Proposed home directory architecture, configuration and management - project notes

From techdocs
Jump to navigation Jump to search

Preliminary

  • Don't over-engineer
  • Don't over-provision
  • Don't require live VM migration capability (i.e. migration while the VM is running)
  • Build in to the design the ability to expand performance and capacity as required
  • Expansion to be based on historical, monitored performance and on available support capabilities
  • No disk quotas initially
  • Plan for an initial 100 users (to be selected by Andrew). 50 on Ceph storage. 50 on AWS Storage Gateway storage

Design

  • Two 1TB volumes for home directories - one in Ceph, and one in AWS (Storage Gateway). Assign each one its own IP address in hostlist.csv
  • Two virtual AWS Storage Gateways.
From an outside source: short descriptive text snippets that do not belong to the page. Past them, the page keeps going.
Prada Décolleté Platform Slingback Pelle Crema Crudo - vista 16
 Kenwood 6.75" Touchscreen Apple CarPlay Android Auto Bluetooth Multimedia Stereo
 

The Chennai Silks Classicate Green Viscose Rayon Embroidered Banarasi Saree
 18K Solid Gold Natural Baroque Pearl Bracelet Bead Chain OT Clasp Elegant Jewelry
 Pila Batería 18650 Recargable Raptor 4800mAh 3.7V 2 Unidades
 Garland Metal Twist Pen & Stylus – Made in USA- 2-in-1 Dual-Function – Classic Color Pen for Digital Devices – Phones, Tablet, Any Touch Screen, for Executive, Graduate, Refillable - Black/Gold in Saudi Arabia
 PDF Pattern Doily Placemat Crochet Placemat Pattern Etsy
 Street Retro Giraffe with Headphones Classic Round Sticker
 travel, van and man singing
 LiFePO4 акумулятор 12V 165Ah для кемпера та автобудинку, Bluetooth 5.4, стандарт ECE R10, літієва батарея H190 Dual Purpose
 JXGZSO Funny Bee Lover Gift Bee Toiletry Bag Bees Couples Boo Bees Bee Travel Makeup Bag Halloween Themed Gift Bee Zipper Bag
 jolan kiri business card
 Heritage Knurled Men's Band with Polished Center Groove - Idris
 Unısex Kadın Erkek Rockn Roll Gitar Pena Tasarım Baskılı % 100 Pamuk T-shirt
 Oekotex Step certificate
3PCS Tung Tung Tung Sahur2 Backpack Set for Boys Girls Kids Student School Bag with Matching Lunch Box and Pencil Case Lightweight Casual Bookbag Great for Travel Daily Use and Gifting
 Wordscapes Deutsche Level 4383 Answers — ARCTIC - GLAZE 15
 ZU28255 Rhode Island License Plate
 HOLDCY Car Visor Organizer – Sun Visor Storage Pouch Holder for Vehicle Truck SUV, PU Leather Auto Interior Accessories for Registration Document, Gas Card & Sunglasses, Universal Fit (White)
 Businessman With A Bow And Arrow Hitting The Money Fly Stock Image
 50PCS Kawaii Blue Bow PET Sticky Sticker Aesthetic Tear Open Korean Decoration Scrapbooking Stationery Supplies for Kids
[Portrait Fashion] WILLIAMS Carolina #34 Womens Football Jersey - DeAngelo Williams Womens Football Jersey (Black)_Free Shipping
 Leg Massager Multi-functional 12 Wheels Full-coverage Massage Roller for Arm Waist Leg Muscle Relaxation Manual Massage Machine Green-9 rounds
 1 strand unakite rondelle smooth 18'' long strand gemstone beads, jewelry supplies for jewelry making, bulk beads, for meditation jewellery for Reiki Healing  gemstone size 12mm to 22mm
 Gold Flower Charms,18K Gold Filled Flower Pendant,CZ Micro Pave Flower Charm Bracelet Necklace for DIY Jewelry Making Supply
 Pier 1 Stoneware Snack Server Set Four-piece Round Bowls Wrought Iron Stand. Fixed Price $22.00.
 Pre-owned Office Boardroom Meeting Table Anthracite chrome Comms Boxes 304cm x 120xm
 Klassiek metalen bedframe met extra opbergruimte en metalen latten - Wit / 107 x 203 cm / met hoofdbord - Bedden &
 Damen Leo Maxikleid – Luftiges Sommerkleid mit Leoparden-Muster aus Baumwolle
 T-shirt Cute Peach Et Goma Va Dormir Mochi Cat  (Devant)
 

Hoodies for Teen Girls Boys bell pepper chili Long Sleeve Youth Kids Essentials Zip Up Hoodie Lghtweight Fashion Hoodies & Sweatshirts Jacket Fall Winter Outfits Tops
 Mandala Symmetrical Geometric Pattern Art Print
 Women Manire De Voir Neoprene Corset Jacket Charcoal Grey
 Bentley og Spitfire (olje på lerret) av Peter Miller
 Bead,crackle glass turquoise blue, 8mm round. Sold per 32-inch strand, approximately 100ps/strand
The local, physical SSD cache storage attached to the AWS Storage Gateways must exceed the size of the volumes being made available by them via iSCSI, otherwise the Gateways will be continually fetching data from AWS' S3 and there's a dollar cost to doing this
  • Consider (only) how to implement a Linux VM in the storage/compute cluster which makes Ceph storage available as iSCSI devices to other hosts as: a) an alternative to AWS Storage Gateway, b) might have reduced latency or faster speed, and c) obviates the need for storage clients to have the Ceph libraries installed. Would need future implementation and testing
  • Two virtual NFS servers (without local home directory storage)
  • All VM's in storage/compute cluster
  • If learning libvirt is an obstacle, don't use it initially and leave it as "an exercise for later"
  • Design and implement useful metrics. E.g., not just latency, but ways to measure speed, responsiveness and performance from a user's experience perspective
  • Consider if there might be obstacles to getting these home directories into the New World backup system

Monitoring and alarms

  • Implement meaningful alarms, warnings and alerts - Nagios - nw-syd-monitor1?
  • Implement historical volume activity[1], network interface traffic, CPU usage, memory usage and load-average records and graphs - nw-syd-monitor2
  • Extend SNMP daemon rather than use SSH to collect data

To learn AND DOCUMENT

  • iSCSI, iscsid (the daemon, managed by systemd), iscsiadm (the administration/management tool)
  • Building, attaching and detaching volumes of both types to an NFS server (ie., Linux host) without rebooting
  • Ceph (general configuration and operation)
  • AWS Storage Gateway (general configuration and operation)
  • Moving volumes (both types) between NFS servers, and between AWS Storage Gateways (as appropriate)
  • Using ip addr … to add/remove home directory volume IP addresses from NFS servers

Future considerations

Footnotes

  1. See rbd -p rbd perf image iostat and rbd -p rbd perf image iotop. Don't know about AWS Storage Gateway. Maybe SNMP?